According to The Asheville Citizen, the federal census listed the city population at 18,000 in 1910; by 1919, based on estimates from the city directory, the population climbed to 45,000. Post office deposits, the paper continued, increased from $50,000 in 1905 to over $160,000 in 1919; meanwhile, bank deposits soared from $1 million in 1900 to around $10 million in 1919.
“On every side in Western North Carolina can be seen the greatest activity, the spirit of progress is written large on the face of every man and big things are not only dreamed of, but are being accomplished,” the paper promulgated.
Similar declarations were made by W.B. Davis (whom The Asheville Citizen described as “one of the best-known bankers in North Carolina”). In his talk with the paper, Davis gave readers plenty to be excited about.
“Public improvements indicated a strong spirit of progress [in 1919],” the banker announced. “New schools seem to have been in universal demand. … Roads and more roads; good roads and better roads — this is the purpose that found expression in every mountain county.”

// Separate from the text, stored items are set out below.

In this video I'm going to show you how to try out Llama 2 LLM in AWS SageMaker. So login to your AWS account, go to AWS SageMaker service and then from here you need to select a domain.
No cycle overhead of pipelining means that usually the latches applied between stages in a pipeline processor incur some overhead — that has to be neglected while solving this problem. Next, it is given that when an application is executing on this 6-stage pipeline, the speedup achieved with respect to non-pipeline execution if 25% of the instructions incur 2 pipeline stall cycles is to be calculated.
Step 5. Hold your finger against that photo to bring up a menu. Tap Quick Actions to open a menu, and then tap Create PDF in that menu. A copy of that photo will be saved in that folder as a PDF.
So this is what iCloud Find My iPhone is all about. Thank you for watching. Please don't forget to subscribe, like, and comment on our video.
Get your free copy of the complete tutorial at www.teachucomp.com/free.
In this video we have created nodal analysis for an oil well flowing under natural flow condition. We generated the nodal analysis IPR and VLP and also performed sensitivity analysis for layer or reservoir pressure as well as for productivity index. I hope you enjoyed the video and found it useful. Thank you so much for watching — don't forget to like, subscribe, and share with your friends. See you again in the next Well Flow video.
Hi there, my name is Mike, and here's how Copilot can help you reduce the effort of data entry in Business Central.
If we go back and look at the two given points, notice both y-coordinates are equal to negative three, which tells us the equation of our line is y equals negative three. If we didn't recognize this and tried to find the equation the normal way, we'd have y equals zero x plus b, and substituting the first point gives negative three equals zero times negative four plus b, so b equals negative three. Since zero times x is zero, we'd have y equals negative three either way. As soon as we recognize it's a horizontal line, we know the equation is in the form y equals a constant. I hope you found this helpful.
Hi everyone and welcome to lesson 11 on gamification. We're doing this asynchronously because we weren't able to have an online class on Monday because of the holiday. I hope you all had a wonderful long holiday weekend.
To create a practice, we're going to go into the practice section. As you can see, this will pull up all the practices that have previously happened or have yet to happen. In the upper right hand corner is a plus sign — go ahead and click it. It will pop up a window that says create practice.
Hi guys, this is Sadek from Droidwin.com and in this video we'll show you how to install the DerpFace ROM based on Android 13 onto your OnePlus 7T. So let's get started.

Davis also addressed Asheville’s growing appeal to visitors. “The tourist season just past was fairly overwhelming in volume, taxing all facilities of transportation and house to capacity,” he said. “Each year witnesses a larger pilgrimage to the beautiful mountains of the Land of the Sky. More visitors come from distant states and foreign countries. Many stay longer than was formerly their custom.”
In his summation, Davis asserted, “Western North Carolina is confident, optimistic in the highest degree, and eager to be busy with the tasks that will come to our hands in 1920.”
Davis’ words proved prophetic. As Nan Chase notes in her 2007 book, Asheville: A History, the city saw 65 commercial and public buildings go up throughout the 1920s.
Of course, the boom didn’t last forever. Rather, it came to a disastrous end on Oct. 24, 1929, when the stock market crashed. Soon thereafter, several of the region’s largest banks closed, as the Great Depression continued to ravage the entire country. Locally, the city of Asheville did not pay off its pre-Depression debts until July 1, 1976.
In Thomas Wolfe’s novel, You Can’t Go Home Again, published posthumously in 1940, the writer censures the shortsightedness of Libya Hill, his fictionalized version of Asheville. In the book, Wolfe writes:
“They had squandered fabulous sums in meaningless streets and bridges. They had torn down ancient buildings and erected new ones large enough to take care of a city of half a million people. They had leveled hills and bored through mountains, making magnificent tunnels paved with double roadways and glittering with shining tiles — tunnels which leaped out on the other side into Arcadian wilderness. They had flung away the earnings of a lifetime, and mortgaged those of a generation to come. They had ruined their city, and in doing so had ruined themselves, their children, and their children’s children.”
Editor’s note: Peculiarities of spelling and punctuation are preserved from the original documents.